Samsung electronics announced that they have developed industry's fastest double-data-rate memory chip, the GDDR5, to transfer data at up to six gigabits per second rates. The new 512 MB GDDR5 chip is alleged to process data twice as fast as nowadays' technology, which would dramatically improve the gaming experience. Moreover, the GDDR5 standard can transmit moving images and associated data at 24 gigabytes per second.

"We're pushing image enhancement to a limit never before realized, enabling the smoothest, clearest animation that gamers have yet to experience," says Mueez Deen, marketing director for graphics memory at Samsung Semiconductor. "Samsung's 512Mb GDDR5 will enable the kind of graphics hardware performance that will spur software developers to deliver a new level of eye-popping games."

Samsung has already picked the 512 Mb (16Mb x 32) form factor for their manufacturing process and the memory chips are likely to enter mass production in the first half of 2007. Samsung boasts of the fact that their technology will become a true standard in the high-end computing segment, with more than 50 percent of the market share until 2010.

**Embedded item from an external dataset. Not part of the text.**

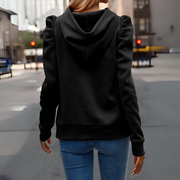 Tanja - Stylish Hoodie with Puff Sleeves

Samsung's graphics memory modules operate at 1.5 volts, which also brings a 20 percent improvement in power savings as compared to the actual GDDR3 standard. GDDR5 will also play an important role in the development of next-generation game consoles as well as high-definition video devices.

The new graphics chip line comes shortly after the Hynx competition have announced their one-gigabit GDDR5 graphics DRAM, that allegedly processes up to 20 gigabytes of data per second. Quimonda is another competitor that would joyfully taste a bite of the new market. The German company has already started shipping 12-megabyte GDDR5 samples to worldwide original equipment manufacturers, but process-related issues prevent them from starting mass-production before 2008.

"With the 'speed' advantage for Samsung and 'storage' merit for Hynix, the two companies are expected to have fierce competition in the DVD and game consoles sectors from the first half of next year," said a Hynix official.